A Plethora of Auguries

February 9, 2025 |

For those who don't have a statistical mind or who have not been exposed to card games or gambling, the possibility of a random explanation for many phenomena is hard to grasp. Simply put, what we observe in real life is a sample from a population. Even if the sample is random, the mean of the values observed from the sample is likely to differ from the population mean. The differences observed for many market phenomena are merely due to sampling variations resulting from the large number of samples taken and the high variability within the population.

Consider, for example, the world famous Superbowl indicator. Germany watches it like a hawk. If the winner of America's Superbowl is a team that hailed originally from the NFL, the signal is bullish. If a team originally from the AFL wins, the signal is bearish. The moves in stocks in the 12 months following the NFL and AFL wins are enumerated and summarized in table 3.3.

The results are striking. The total change in the DJIA during the 12 months following victories by teams originally in the NFL has been 4412.08. The average change is 259 Dow points. During years when AFL teams were victorious, the total DJIA change has been -7.3. Reviewing the average ranks of changes in the Dow with respect to the two origins of winners, it turns out that differences as large as these could be explained by chance only once in 300 occurrences. But how many different sporting events could be served as a benchmark predictor with equal plausibility? The World Series, the NBA Championship, the NHL Stanley Cup, the New Year's Day bowl games, or the won-lost record of the Chicago Bulls or the New York Yankees over a single season? Each of the winners might provide an independent prediction of the Dow. Reformulating the question: Since 1967, what are the chances that, in five major annual sporting events, the win by one of the 10 competitors will be associated with the DJIA's rising at least 250 points in that year? The answer, determined by simulation, turns out to be about 1/2. And if not predictive of the Dow, how do bonds match up with the winners?

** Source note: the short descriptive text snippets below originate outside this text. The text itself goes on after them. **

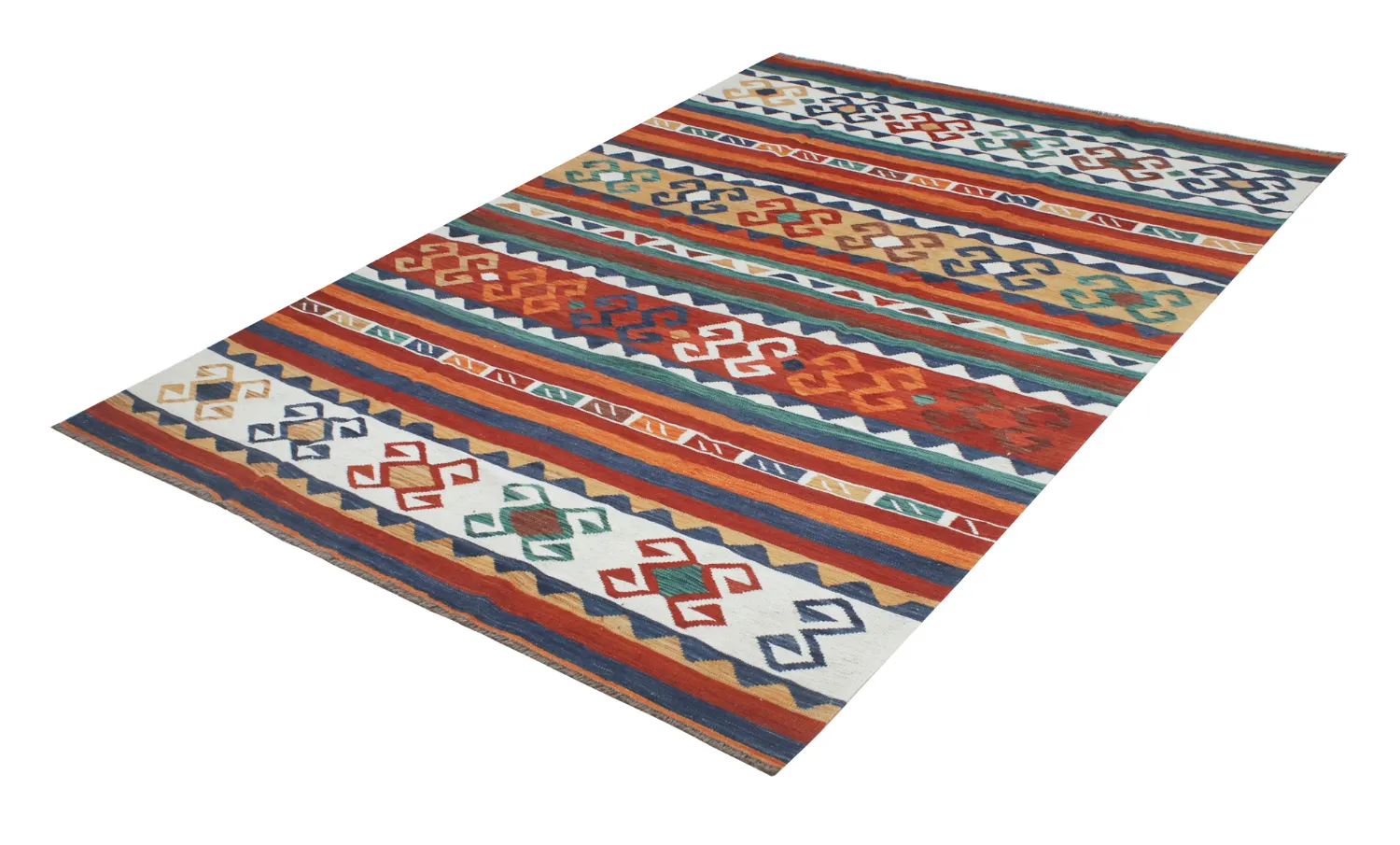 Orientálny Koberec - Hazara Kelim Hand Woven - 205 x 287 cm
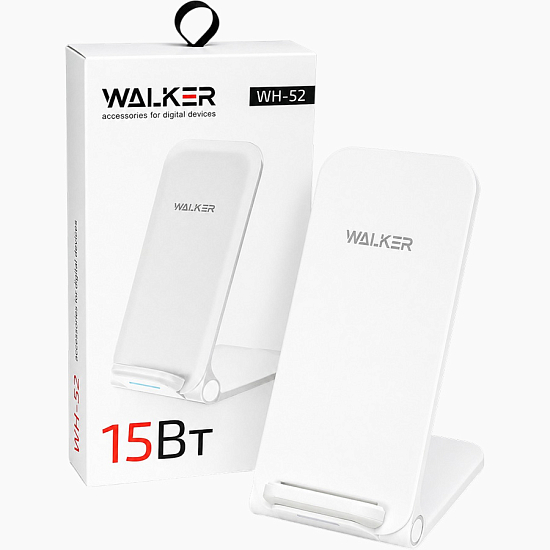 Беспроводное ЗУ WALKER WH-52, белое, 15Вт
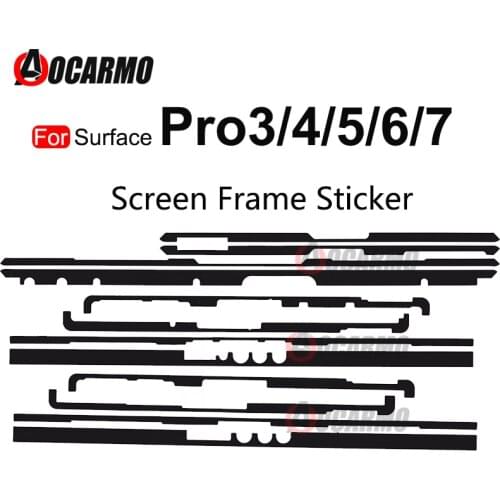 For Microsoft Surface Pro 4 5 6 7 Pro3 Pro4 Pro5 Pro6 Pro7 Book 1 2 Book3 Adhesive LCD Display Screen Frame Glue Tape Sticker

The Superbowl analysis shows why the random walk or efficient markets model is often consistent with many of the effects found by technical analysts or the more dressed up retrospective anomalies of the academics.

When people ask me whether markets are random, I feel as I did when people asked me who, in my opinion, was the best squash player of all time. "Jack Barnaby, my coach," I always replied.

- The Education of a Speculator, pages 78-82.